Answer-They all died on the first day of the Battle of the Somme, 1 July 1916.

These twenty men are part of “Cricket’s Lost Generation: the Great War 1914-18” which is the title of a paper which will be delivered by Dr. Pat Bracken, a Tipperary based sports historian who has a particular interest in the history of cricket in Ireland, at the Sports History Ireland Conference in Maynooth, Co. Kildare on 12 September.

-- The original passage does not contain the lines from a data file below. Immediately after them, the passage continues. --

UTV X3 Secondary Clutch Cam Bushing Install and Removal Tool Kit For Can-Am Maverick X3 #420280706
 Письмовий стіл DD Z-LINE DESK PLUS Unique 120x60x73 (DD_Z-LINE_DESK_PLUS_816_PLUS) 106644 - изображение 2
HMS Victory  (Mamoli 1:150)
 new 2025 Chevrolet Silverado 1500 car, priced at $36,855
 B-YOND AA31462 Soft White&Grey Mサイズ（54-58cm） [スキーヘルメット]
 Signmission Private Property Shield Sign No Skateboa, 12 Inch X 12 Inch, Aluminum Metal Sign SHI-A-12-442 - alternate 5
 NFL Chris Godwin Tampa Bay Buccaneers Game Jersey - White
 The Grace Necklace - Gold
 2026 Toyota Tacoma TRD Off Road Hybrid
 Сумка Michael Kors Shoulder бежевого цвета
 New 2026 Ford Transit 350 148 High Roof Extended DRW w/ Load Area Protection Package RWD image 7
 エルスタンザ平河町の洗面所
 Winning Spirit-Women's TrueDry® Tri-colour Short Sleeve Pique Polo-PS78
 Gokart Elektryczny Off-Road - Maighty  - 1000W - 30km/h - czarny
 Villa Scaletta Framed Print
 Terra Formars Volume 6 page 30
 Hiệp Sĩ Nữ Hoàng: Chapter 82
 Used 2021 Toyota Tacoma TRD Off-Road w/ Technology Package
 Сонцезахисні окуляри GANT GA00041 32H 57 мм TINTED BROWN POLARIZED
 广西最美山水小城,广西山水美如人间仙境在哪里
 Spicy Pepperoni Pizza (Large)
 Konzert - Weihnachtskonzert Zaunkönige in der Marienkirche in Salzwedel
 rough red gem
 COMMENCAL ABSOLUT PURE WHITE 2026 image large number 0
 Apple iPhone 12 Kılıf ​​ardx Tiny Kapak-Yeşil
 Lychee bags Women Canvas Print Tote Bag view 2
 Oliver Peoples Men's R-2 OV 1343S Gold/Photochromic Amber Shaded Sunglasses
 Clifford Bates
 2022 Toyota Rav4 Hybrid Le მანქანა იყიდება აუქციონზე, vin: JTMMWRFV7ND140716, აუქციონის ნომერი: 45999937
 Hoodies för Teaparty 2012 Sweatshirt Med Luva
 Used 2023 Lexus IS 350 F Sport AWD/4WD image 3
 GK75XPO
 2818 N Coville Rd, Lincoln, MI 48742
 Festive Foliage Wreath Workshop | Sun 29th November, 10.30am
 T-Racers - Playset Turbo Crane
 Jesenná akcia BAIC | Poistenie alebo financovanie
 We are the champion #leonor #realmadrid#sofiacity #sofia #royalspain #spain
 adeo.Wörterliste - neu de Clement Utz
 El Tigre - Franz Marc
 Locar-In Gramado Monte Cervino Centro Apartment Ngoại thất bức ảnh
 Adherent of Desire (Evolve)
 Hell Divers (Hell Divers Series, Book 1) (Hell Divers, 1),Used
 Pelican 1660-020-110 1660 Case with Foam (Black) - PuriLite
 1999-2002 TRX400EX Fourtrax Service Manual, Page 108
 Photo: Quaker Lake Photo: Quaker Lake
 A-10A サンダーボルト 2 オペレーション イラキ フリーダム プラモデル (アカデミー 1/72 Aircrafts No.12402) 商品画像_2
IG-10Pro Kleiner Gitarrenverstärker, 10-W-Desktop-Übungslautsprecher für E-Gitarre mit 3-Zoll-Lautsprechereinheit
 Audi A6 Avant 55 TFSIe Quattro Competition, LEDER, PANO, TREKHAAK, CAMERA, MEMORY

Pat has been researching cricket players of all abilities who died during the First World War and he has compiled brief biographies on 240 men so far identified. Of these the most that fell on one day was at the first day of the Somme and he feels that the 100th anniversary of the start of this battle would be an opportune time to recall the memory and sacrifice of all those who died or were injured during these years, and who had a cricket connection, no matter how trivial, with the game in Ireland. However, Pat also feels that he could easily miss out on men associated with cricket clubs all over Ulster who died during the war, and to this end he would welcome details from anyone who could supply him with information on any man or woman who served with the Forces and who fell in action during this dark period in world history. To quote a famous line from “For The Fallen” by war poet Laurence Binyon-
“At the going down of the sun and in the morning, we will remember them. “

Pat’s email address is if anyone has any information or sources, which they would be willing to share with him.
The period of the Great War 1914-18 has particular significance to cricket clubs in the north as many young cricketers were called into service throughout the towns and villages of Ulster. The gallant men and women who made the supreme sacrifice are remembered on monuments throughout the Province and some clubs like the old North of Ireland, North Down, Lisburn and Waringstown have honoured their fallen cricket members in their histories. However, Pat’s research is a much deeper study and a gallant attempt to collate the names of every known cricketer with Irish heritage or connections.

It deserves our full support. Hopefully the work will stimulate cricket clubs and unions to commemorate the 100th Anniversary of the Battle of the Somme from a cricket perspective as the 36th Ulster Division suffered horrific losses in the first few days of this infamous battle.